Have a question about this project? Sign up for a free GitHub account to open an issue and contact its maintainers and the community.

By clicking “Sign up for GitHub”, you agree to our terms of service and privacy statement. We’ll occasionally send you account related emails.

Already on GitHub? Sign in to your account

Ingressroute status updates can cause update loop #854

Closed
dbason opened this issue Jan 22, 2019 · 17 comments
Closed

Ingressroute status updates can cause update loop #854

dbason opened this issue Jan 22, 2019 · 17 comments
Assignees
Labels
kind/bug Categorizes issue or PR as related to a bug. priority/important-soon Must be staffed and worked on either currently, or very soon, ideally in time for the next release.
Milestone

Comments

@dbason
Copy link
Contributor

dbason commented Jan 22, 2019

What steps did you take and what happened:
[A clear and concise description of what the bug is.]

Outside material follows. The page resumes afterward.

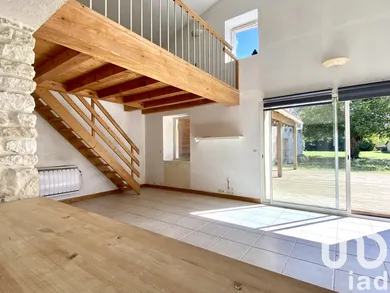 Maison traditionnelle à Niort (79000)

Added non root IngressRoutes. Then added a root IngressRoute delegating to those. This caused a relatively high CPU and Memory usage (150%cpu usage and 2GB RAM - container is limited to 2GB). This seems quite high for a single IngressRoute

What did you expect to happen:
Envoy continuing as normal

Anything else you would like to add:
After adding the IngressRoute with delegates it seems the envoy container is constantly logging the following message:
[2019-01-22 02:20:05.816][1][info][upstream] source/server/lds_api.cc:80] lds: add/update listener 'ingress_https'

Environment:

  • Contour version: 1.8.1
  • Kubernetes version: (use kubectl version): Client Version: version.Info{Major:"1", Minor:"8", GitVersion:"v1.8.3", GitCommit:"f0efb3cb883751c5ffdbe6d515f3cb4fbe7b7acd", GitTreeState:"clean", BuildDate:"2017-11-08T18:39:33Z", GoVersion:"go1.8.3", Compiler:"gc", Platform:"linux/amd64"} Server Version: version.Info{Major:"1", Minor:"11", GitVersion:"v1.11.3", GitCommit:"a4529464e4629c21224b3d52edfe0ea91b072862", GitTreeState:"clean", BuildDate:"2018-09-09T17:53:03Z", GoVersion:"go1.10.3", Compiler:"gc", Platform:"linux/amd64"}
  • Kubernetes installer & version: Rancher 2.1.5
  • Cloud provider or hardware configuration: VMWare virtual servers
  • OS (e.g. from /etc/os-release): CentOS 7
@stevesloka
Copy link
Member

That's interesting @dbason. How many services/endpoints do you have in the cluster?

In performance testing, we've encountered high memory, but that was in the thousands of services range due to some gRPC implementations that should be resolved in Envoy soon (or could be already), however, seems like that listener update is the culprit.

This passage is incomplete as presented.